I wound like to know how can I make sure the score is reasonable in qpgraph. My best score is 694.18 after run 10000 generations. Is that reliable? image

uqrmaie1 commented 1 year ago

The scores are approximate log-likelihoods (with the minus sign omitted). They are difficult to interpret on their own and are more useful when comparing models. In theory, an absolute log-likelihood score difference of one suggests that the probability of the data under one model is about 2.7 times as high as under the other model. However, the likelihood (probability of the data given the model) is very different from the posterior probability (probability of the model given the data).

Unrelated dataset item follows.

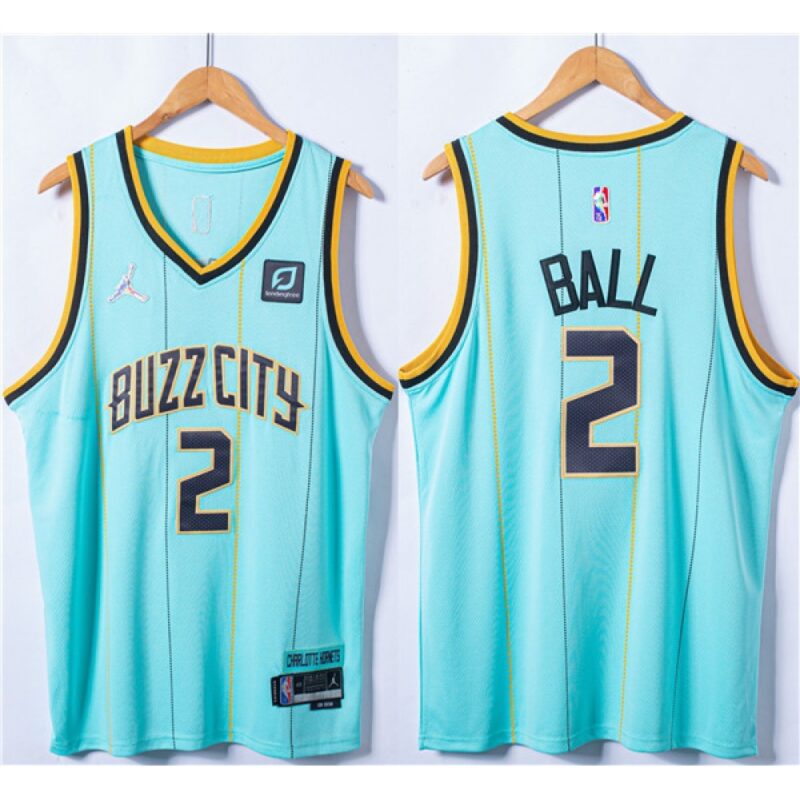 686457335d710_1 Men's Charlotte Hornets #2 LaMelo Ball Blue 75th Anniversary Stitched NBA Jersey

Another way of looking at the score is to consider that it is calculated as a weighted sum of f-statistic z-scores residuals (difference in z-scores of fitted minus observed f-statistics). A score of 694 suggests that one or more f-statistic z-scores are much greater than 4, so there is strong evidence that at least one observed f-statistic is not compatible with this model. But that is assuming that the goal is to find a model which fits the data perfectly. The problem with that is that in the limit of infinite data, any minor deviations between the real history and the model will lead to large f-statistic z-score residuals and large absolute scores. At the same time, noisy data and large models with too many degrees of freedom will result in "better" scores, closer to zero, even if these models have nothing to do with the actual history.

So I would focus more on the difference in scores of competing models, not on the absolute score of a single model.